Go through the entries below and print, exactly, the lines starting at the one with "Kelly Tomblin, (right)" and ending at the one with "at the Leaders", keeping both ends and no others.

+++ INPUT FOR THIS TASK

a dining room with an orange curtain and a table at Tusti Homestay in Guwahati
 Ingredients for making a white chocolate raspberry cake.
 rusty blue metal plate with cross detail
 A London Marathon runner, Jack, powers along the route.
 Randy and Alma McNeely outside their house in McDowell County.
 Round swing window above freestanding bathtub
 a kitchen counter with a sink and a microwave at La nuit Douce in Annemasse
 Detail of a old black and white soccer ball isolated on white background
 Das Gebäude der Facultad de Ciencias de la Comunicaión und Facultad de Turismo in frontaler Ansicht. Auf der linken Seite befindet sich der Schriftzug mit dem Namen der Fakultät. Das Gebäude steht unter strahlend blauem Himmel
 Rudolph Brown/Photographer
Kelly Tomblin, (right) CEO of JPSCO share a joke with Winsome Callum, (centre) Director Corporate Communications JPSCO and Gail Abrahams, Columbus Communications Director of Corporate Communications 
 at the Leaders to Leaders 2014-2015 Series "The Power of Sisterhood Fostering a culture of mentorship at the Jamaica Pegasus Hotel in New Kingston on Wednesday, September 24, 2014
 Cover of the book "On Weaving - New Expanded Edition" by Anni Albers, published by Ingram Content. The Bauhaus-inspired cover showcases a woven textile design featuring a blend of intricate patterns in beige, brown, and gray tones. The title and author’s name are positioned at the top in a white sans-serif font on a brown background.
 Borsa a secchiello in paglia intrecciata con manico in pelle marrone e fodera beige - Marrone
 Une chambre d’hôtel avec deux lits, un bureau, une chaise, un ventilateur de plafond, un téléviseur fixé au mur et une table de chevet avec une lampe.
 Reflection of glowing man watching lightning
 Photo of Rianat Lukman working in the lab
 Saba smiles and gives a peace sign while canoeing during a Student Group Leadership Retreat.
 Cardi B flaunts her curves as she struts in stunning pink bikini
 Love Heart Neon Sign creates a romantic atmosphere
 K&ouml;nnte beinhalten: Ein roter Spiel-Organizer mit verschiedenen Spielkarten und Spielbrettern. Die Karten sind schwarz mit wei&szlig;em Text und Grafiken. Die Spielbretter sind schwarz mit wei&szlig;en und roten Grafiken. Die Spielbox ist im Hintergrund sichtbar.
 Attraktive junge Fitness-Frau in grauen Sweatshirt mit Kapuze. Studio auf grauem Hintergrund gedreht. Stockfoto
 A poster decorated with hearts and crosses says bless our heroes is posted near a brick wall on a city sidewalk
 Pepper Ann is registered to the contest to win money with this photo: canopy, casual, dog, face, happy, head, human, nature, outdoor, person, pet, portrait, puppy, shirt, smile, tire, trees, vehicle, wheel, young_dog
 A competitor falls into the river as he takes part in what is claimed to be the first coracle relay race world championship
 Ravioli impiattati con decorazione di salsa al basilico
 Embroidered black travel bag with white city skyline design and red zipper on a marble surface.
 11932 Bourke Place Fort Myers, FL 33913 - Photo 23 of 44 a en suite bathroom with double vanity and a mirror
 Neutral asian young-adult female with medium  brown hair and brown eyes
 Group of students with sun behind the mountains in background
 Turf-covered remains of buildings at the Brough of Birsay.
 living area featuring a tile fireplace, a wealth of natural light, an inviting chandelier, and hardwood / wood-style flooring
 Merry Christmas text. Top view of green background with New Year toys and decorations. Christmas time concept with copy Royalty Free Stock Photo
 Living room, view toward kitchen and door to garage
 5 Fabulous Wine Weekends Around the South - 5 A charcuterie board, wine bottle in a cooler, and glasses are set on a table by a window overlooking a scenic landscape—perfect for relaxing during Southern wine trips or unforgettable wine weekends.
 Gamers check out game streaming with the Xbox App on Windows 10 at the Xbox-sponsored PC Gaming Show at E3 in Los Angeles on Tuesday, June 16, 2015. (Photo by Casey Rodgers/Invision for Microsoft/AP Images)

++++++

SOLUTION:
Kelly Tomblin, (right) CEO of JPSCO share a joke with Winsome Callum, (centre) Director Corporate Communications JPSCO and Gail Abrahams, Columbus Communications Director of Corporate Communications 
 at the Leaders to Leaders 2014-2015 Series "The Power of Sisterhood Fostering a culture of mentorship at the Jamaica Pegasus Hotel in New Kingston on Wednesday, September 24, 2014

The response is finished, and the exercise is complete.